Given data:
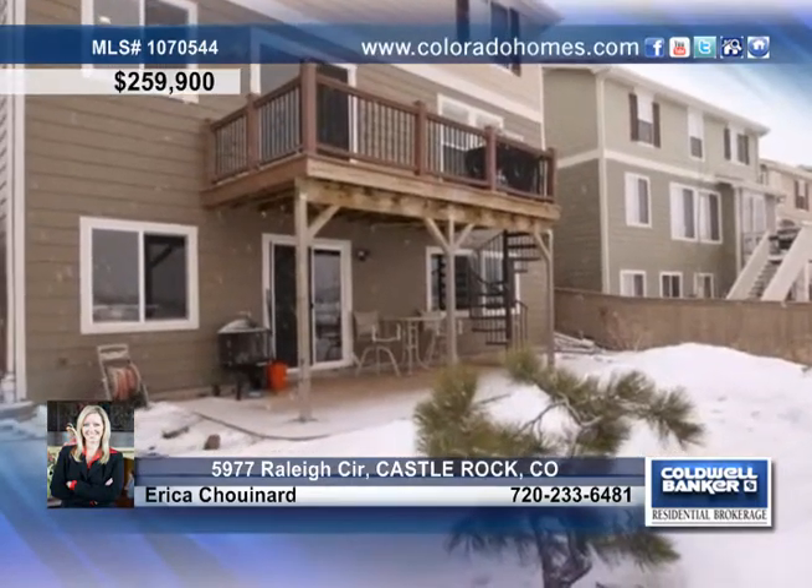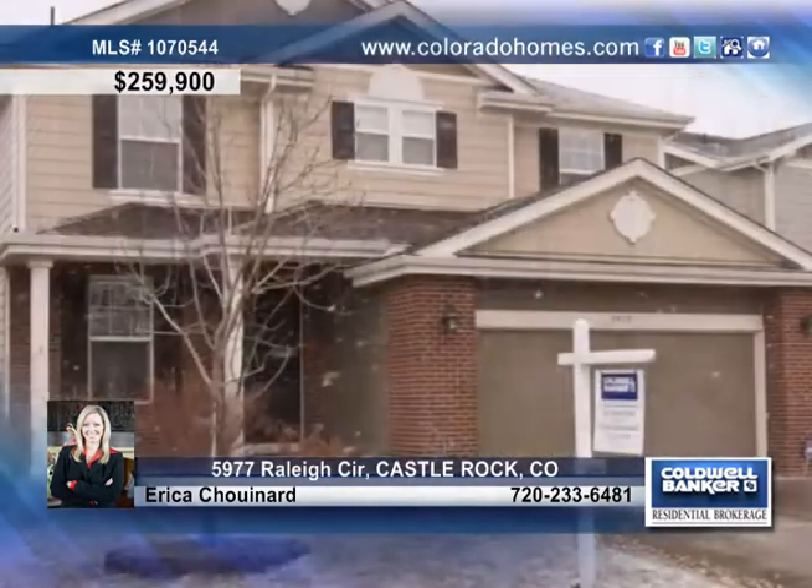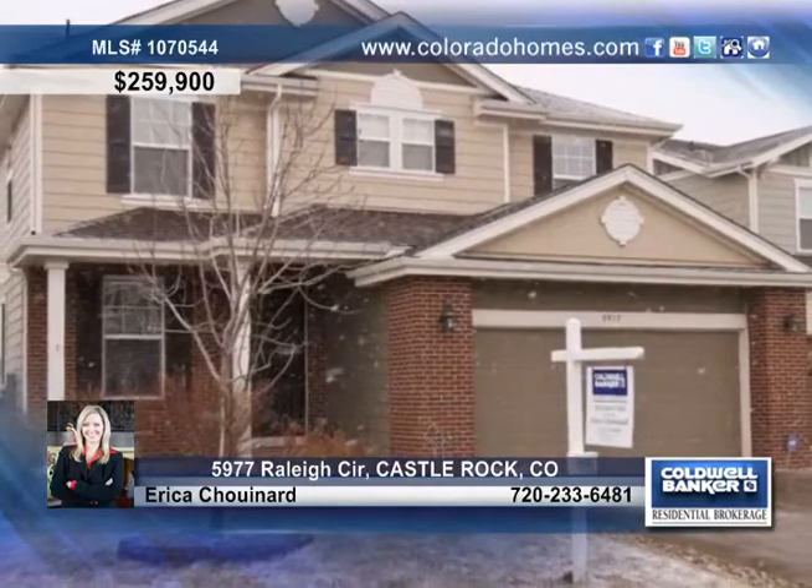A no-maintenance deck and a flagstone patio complete this home. Call Erica Chouinard for more details today.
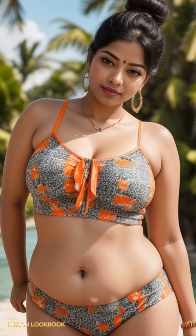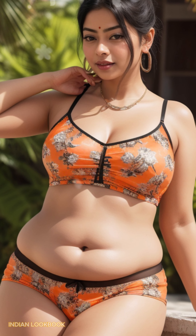From the intricate patterns of traditional saris to the playful charm of crop tops, this AI Art Lookbook is a celebration of the modern Indian woman.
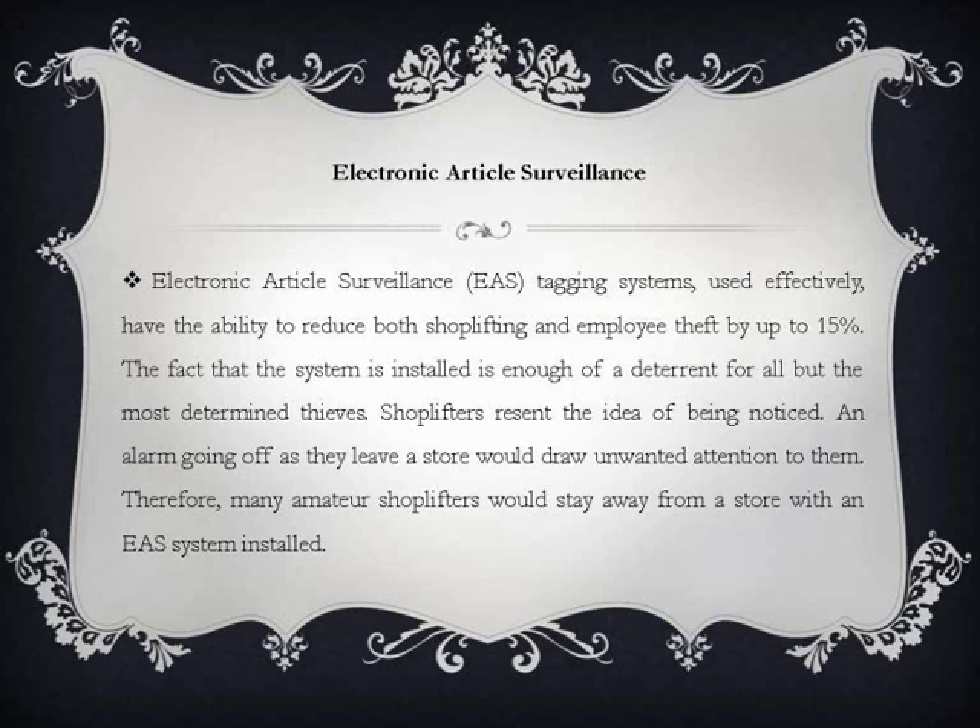Electronic Article Surveillance (EAS) tagging systems, used effectively, have the ability to reduce both shoplifting and employee theft by up to 15%. The fact that the system is installed is enough of a deterrent for all but the most determined thieves. Shoplifters resent the idea of being noticed — an alarm going off as they leave a store would draw unwanted attention to them. Therefore, many amateur shoplifters would stay away from a store with an EAS system installed.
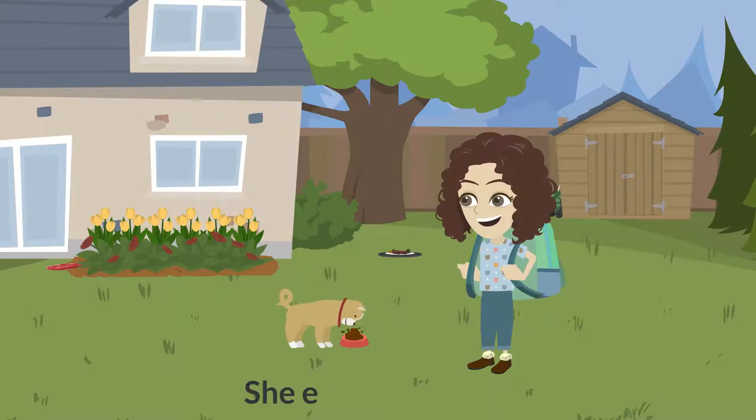She eats her treats. Can you find the verb for me in this sentence? Great work. Eats is a verb.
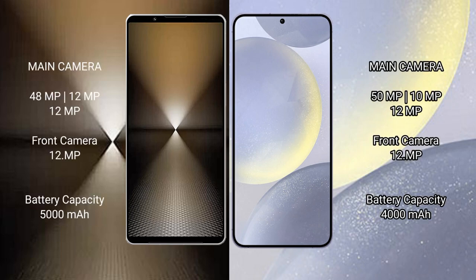Sony Xperia 1 Mark 6 features a rear triple camera setup: 48MP plus 12MP plus 12MP. The front camera is 12MP.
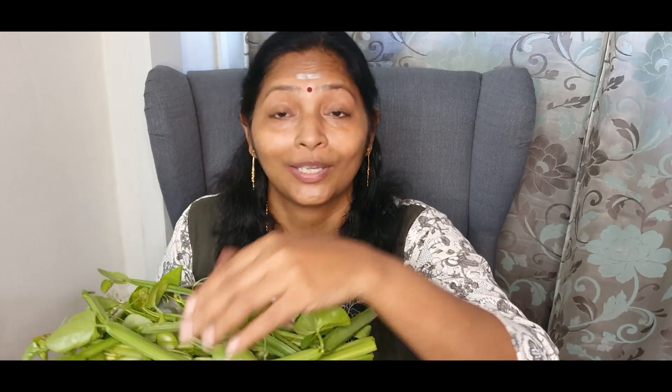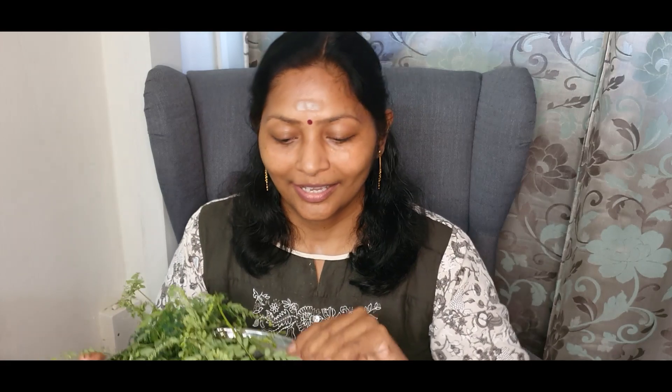This is a creeper. It's called Pirandai and it's quite yummy to consume. And I also have here Keezhanelli. This plant has many medicinal values, so if you are new to this plant go check it out. It's called Keezhanelli.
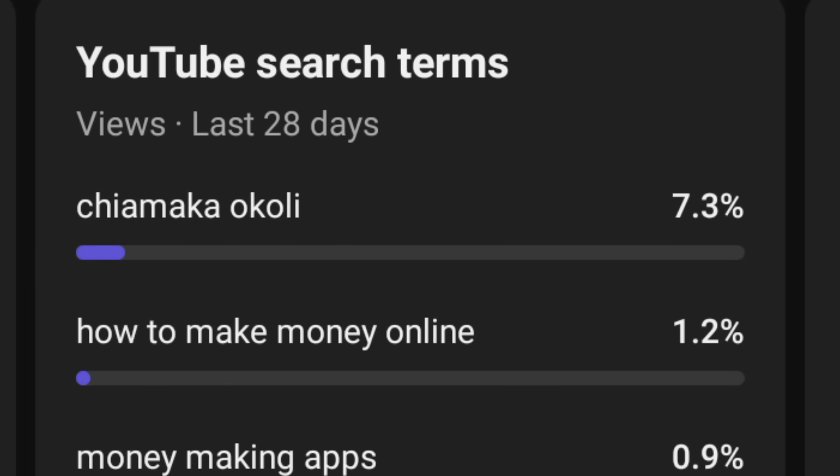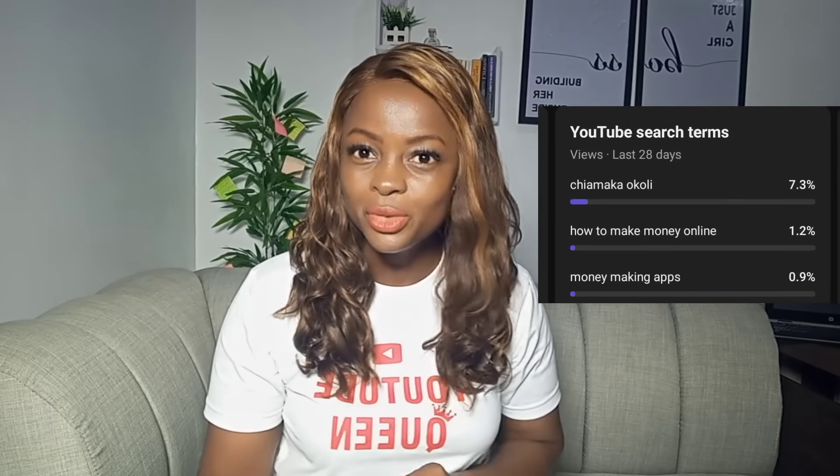Before we implement this, just look at these stats — this is the percentage of people who find my videos just by searching my name. A massive number of people who discover and watch my videos are simply searching my name. I'm going to show you how this works and how you can use it — not just your own name, but the names of the right people to bring you all the traffic you need to grow your channel.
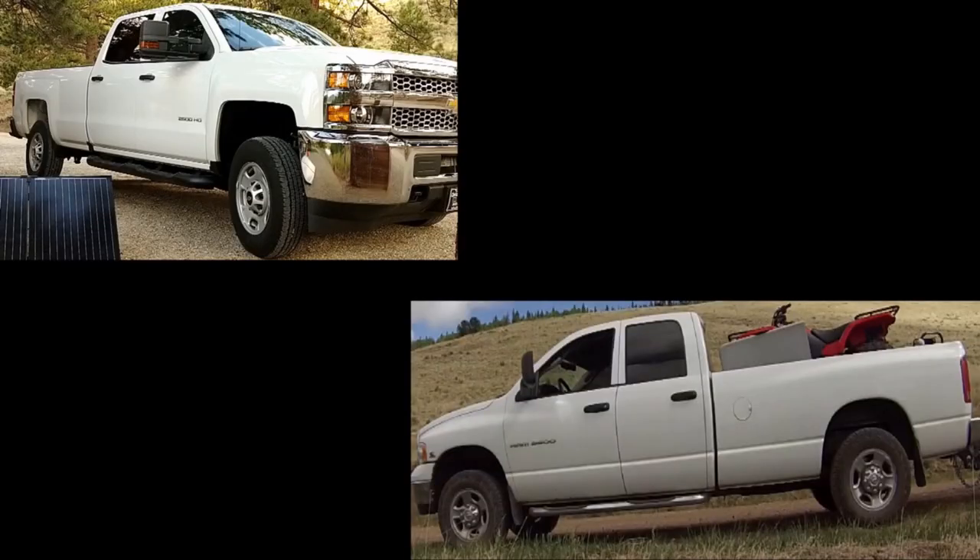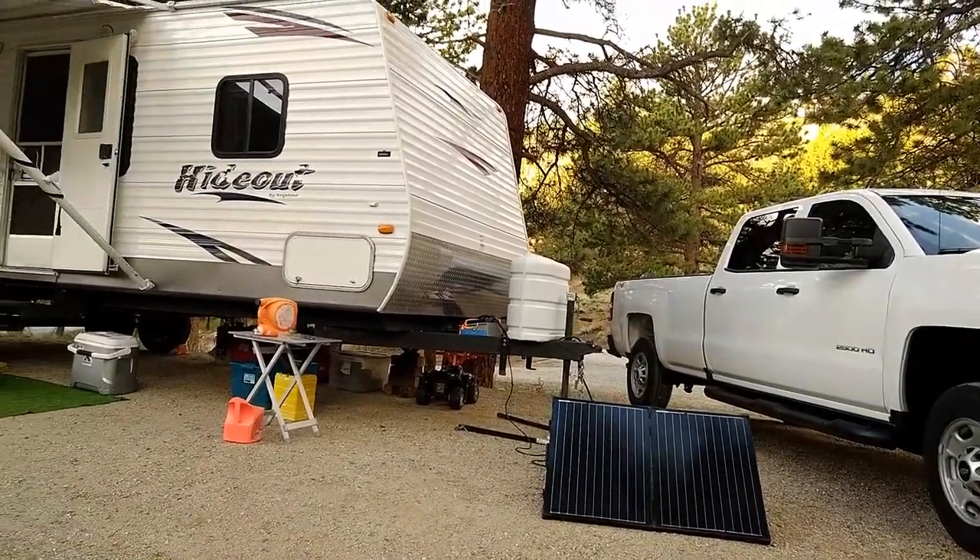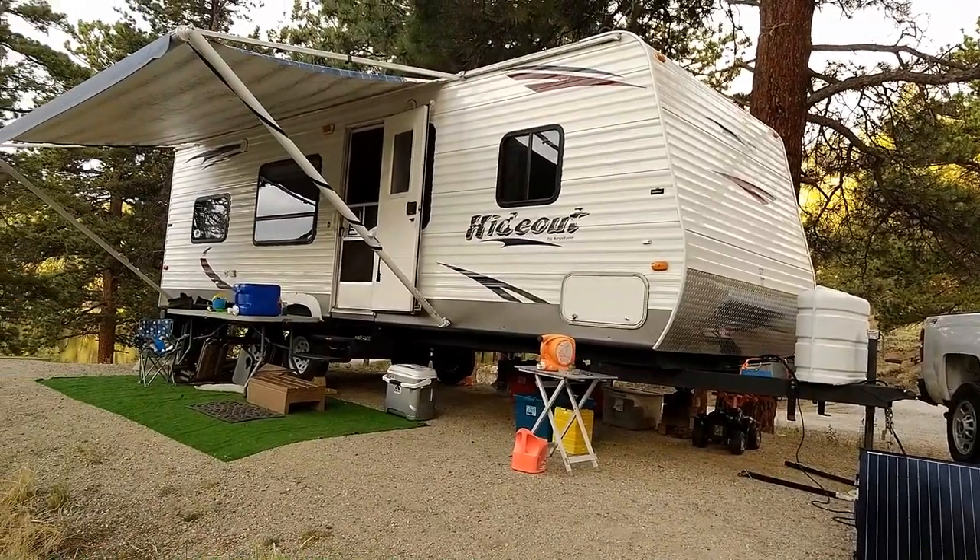A couple of disclaimers before we get started. First, let's keep it clean in the comment section. My hope and goal for this video is to help give people my perspective with my experience, in case you're somebody looking to make the decision between a gas truck and a diesel truck. I did do a video that talked about 10 reasons why we switched from diesel to gas, but this is going to be more of a comparison of the differences I've noticed towing our travel trailer with the diesel engine versus the gas engine.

Exercise aim:
A clean copy is needed of the lines in the listing above from the one with "She eats her" through the one with "Sony Xperia 1", exact in every word and free of pictures.

Finished exercise:
She eats her treats. Can you find the verb for me in this sentence? Great work. Eats is a verb.
Sony Xperia 1 Mark 6 features a rear triple camera setup: 48MP plus 12MP plus 12MP. The front camera is 12MP.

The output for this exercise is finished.